Some time before 1565 (some sources say as early as 1500), an enormous deposit of graphite was discovered on the approach to Grey Knotts from the hamlet of Seathwaite near Borrowdale parish, Cumbria, England. The value of graphite was soon realized to be enormous, mainly because it could be used to line the moulds for cannon balls and the mines were taken over by the Crown and guarded. Graphite had to be smuggled out for use in pencils. Graphite is soft, so it requires some form of case. Graphite sticks were at first wrapped in string or in sheepskin for stability. The news of the usefulness of these early pencils spread far and wide, attracting the attention of artists all over the "known world." England continued to enjoy a monopoly on the production of pencils until a method of reconstituting the graphite powder was found. The distinctively square English pencils continued to be made with sticks cut from natural graphite into the 1860s. Today, the town of Keswick, near the original findings of block graphite, has a pencil museum.
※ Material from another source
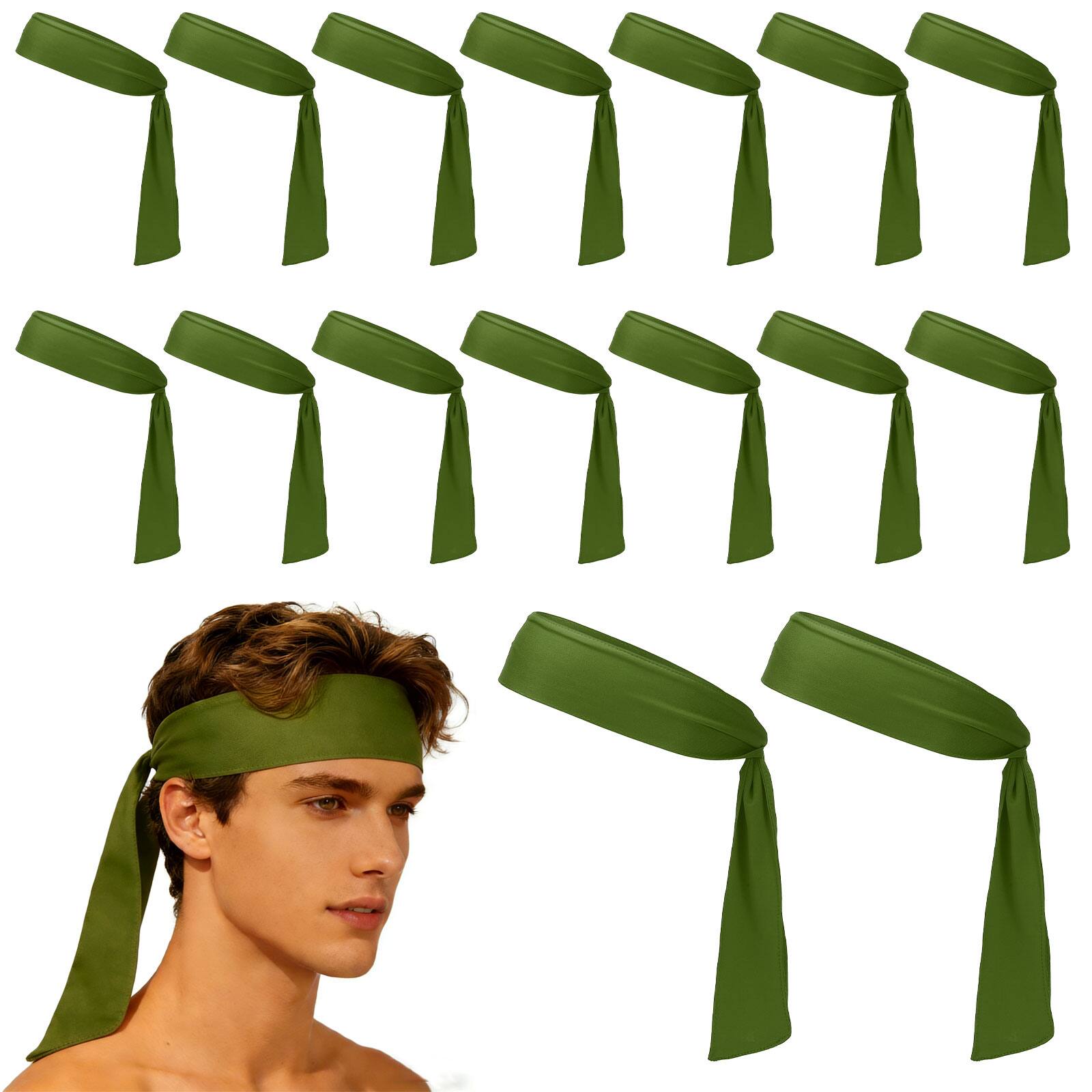Unique Bargains - Tie Sweatband Headband, Adjustable Non-Slip Moisture Wicking Athletic Headband, 20pcs - For Tennis/Karate/Workout/Yoga - Army Green price history on PriceWatchPro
The first attempt to manufacture graphite sticks from powdered graphite was in Nuremberg, Germany, in 1662. It used a mixture of graphite, sulphur and antimony.

It was the Italians who first thought of wooden holders. An Italian couple in particular, named Simonio and Lyndiana Bernacotti, were believed to be the ones to create the first blueprints for the modern carpentry pencil for the purpose of marking their carpentry pieces; however, their version was instead a flat, oval, more compact type of pencil. They did this at first by hollowing out a stick of juniper wood. Shortly thereafter, a superior technique was discovered: two wooden halves were carved, a graphite stick inserted, and the two halves then glued together—essentially the same method in use to this day.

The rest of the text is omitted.